Susanne Gratius
Investigadora sénior asociada, CIDOB
El “año sándwich” entre el Mundial de Fútbol y la Olimpiada no fue demasiado bueno para Brasil, pero tampoco tan desastroso como lo quieren ver algunos. Contra todo pronóstico, el impopular Gobierno de Dilma Rousseff –apoyado sólo por un 16% de los ciudadanos– logró mantenerse en el poder pese al escándalo de corrupción de la empresa Petrobras, cuyo Consejo de Administración lideró la presidenta antes de ser elegida en su cargo.
Las investigaciones continúan y la crisis política correspondiente no se ha resuelto aún. El 2 de diciembre, el presidente de la Cámara de Diputados, Eduardo Cunha, miembro del PMDB, el poderoso socio conservador del partido gobernante PT, aceptó la petición de iniciar un proceso de impeachment. En el caso de una moción de censura, la oposición necesita 342 de los 513 votos para destituir a la presidenta por “irregularidades fiscales”, un delito en el que incurrió el propio Eduardo Cunha.
En este contexto, el trámite judicial coincide con el descontento social. Al ser un partido minoritario en un Congreso fragmentado, el gobernante PT no puede satisfacer las demandas de los manifestantes de mejorar las prestaciones sociales de un Estado caro e ineficiente, y es de esperar que las movilizaciones populares se reanuden con más fuerza ante las puertas de la Olimpiada de 2016. Máxime cuando el desempleo llegó al 8,5% y la desigualdad social no se redujo a la misma velocidad que la extrema pobreza, que en quince años bajó a la mitad.

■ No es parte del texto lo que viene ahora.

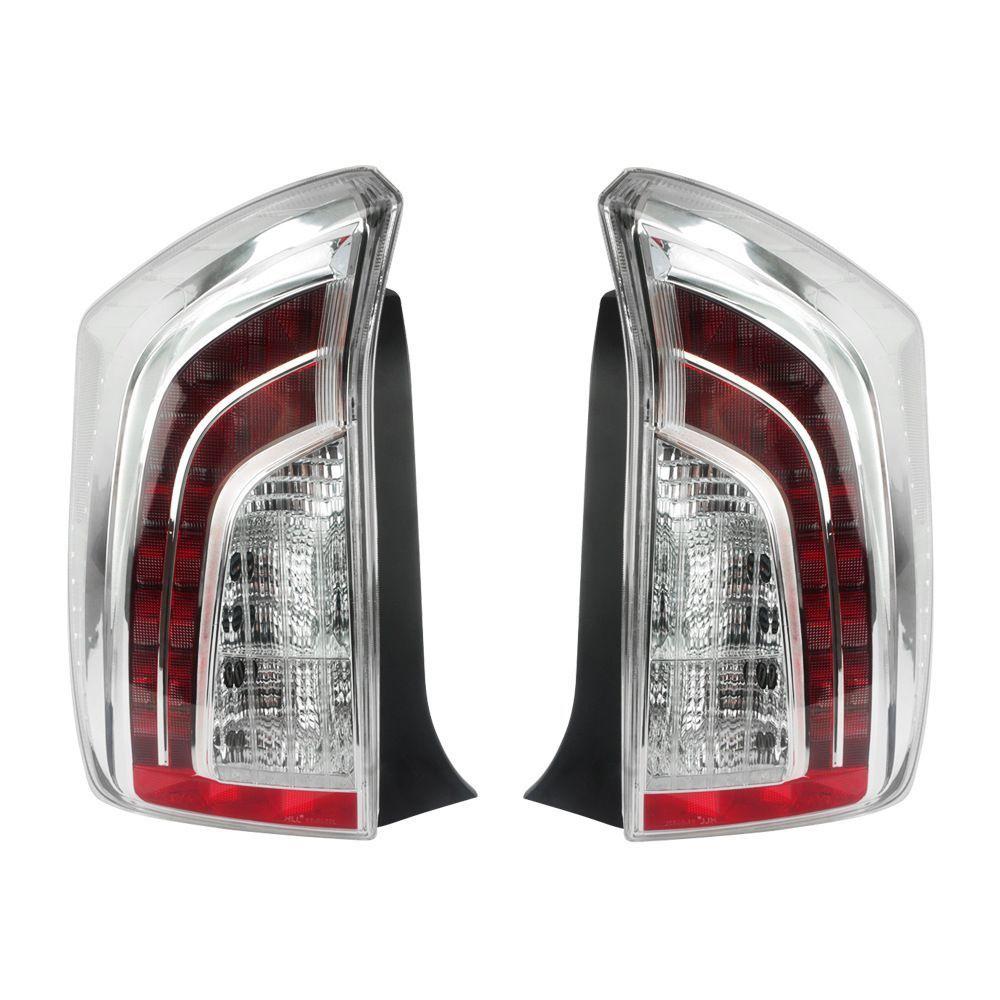 Compatible with Toyota Prius 10-12 Rear Tail Light Assembly: Rear Turn Signal and Brake Light.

En el año 2015 entre el Mundial de Fútbol y la Olimpiada cierra un ciclo marcado por la percepción de Brasil como potencia global que resuelve sus problemas internos
El estancamiento social está ligado a la crisis económica. El año 2015 concluirá con una caída del PIB del -3% y una inflación del 10%, causados por la depresión mundial, la desaceleración de la economía china, la menor demanda de materia prima y la falta de visión de futuro para competir mejor en un mundo globalizado. Brasil no participa en los dos recientes acuerdos económicos internacionales –el transatlántico TTIP entre Estados Unidos y la UE y el transpacífico TPP, firmado en octubre–; por si fuera poco tampoco avanza la negociación sobre un Acuerdo de Asociación entre la UE y el Mercosur. Ninguna de las dos partes cumplió con la promesa de presentar, hasta finales del año, una oferta comercial completa. El triunfo de Mauricio Macri en las elecciones presidenciales de Argentina puede facilitar un consenso en el Mercosur, pero también generar un conflicto con Brasil sobre la pertenencia de Venezuela al bloque por violar la cláusula democrática.
Dilma Rousseff sustituyó el triunfalismo del “Dios es brasileño” del presidente Lula da Silva (2003-2011) por una política exterior poco exitosa, de bajo perfil y menos comprometida con aliados como Irán, Venezuela, Cuba y las potencias China e India, con los que Brasil participa en el grupo BRICS. Este cambio indica, por ejemplo, que los derechos humanos ocupan un espacio mayor en la política brasileña, ya que la Comisión de la Verdad, creada por la presidenta, presentó en diciembre de 2014 su Informe sobre la investigación de los crímenes cometidos durante la dictadura. Por otra parte, la visita oficial de Rousseff a Estados Unidos, en julio de 2015, sirvió para restablecer la confianza mutua, aunque no se firmaron acuerdos importantes.
En síntesis, el “año cero” 2015 entre el Mundial de Fútbol y la Olimpiada cierra un ciclo marcado por la percepción de Brasil como potencia global que resuelve sus problemas internos. Ahora Dios ya no parece brasileño, y la doble crisis política y económica que sufre el país es un duro despertar después del largo sueño de ser finalmente ese “país del futuro” que se imaginó Stefan Zweig, un Brasil próspero, del primer mundo, con una política exterior global y a la par con los Estados Unidos.